Instructions to follow:
Give the data below again exactly as it stands. Omit the pictures.

Dataset excerpt:
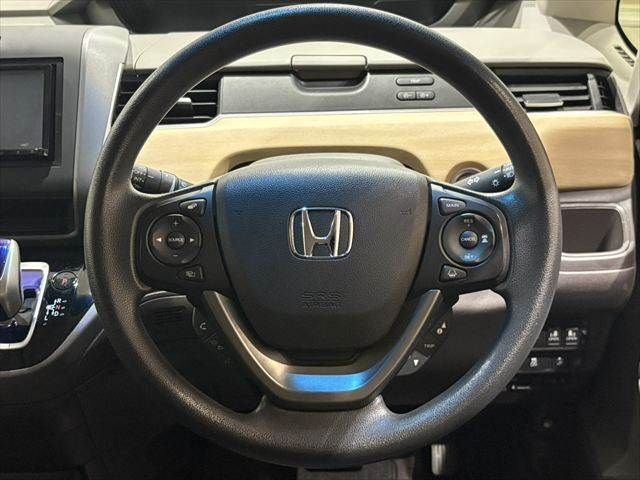 HONDA FREED HYBRID 2017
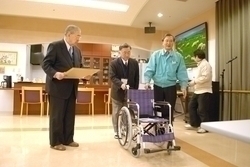 第24号 車椅子贈呈式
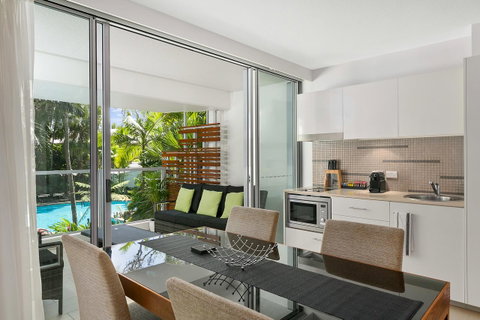 Palm Cove Beach Apartment - Sunshine Coast Tourism 5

Response to the exercise:
 HONDA FREED HYBRID 2017
 第24号 車椅子贈呈式
 Palm Cove Beach Apartment - Sunshine Coast Tourism 5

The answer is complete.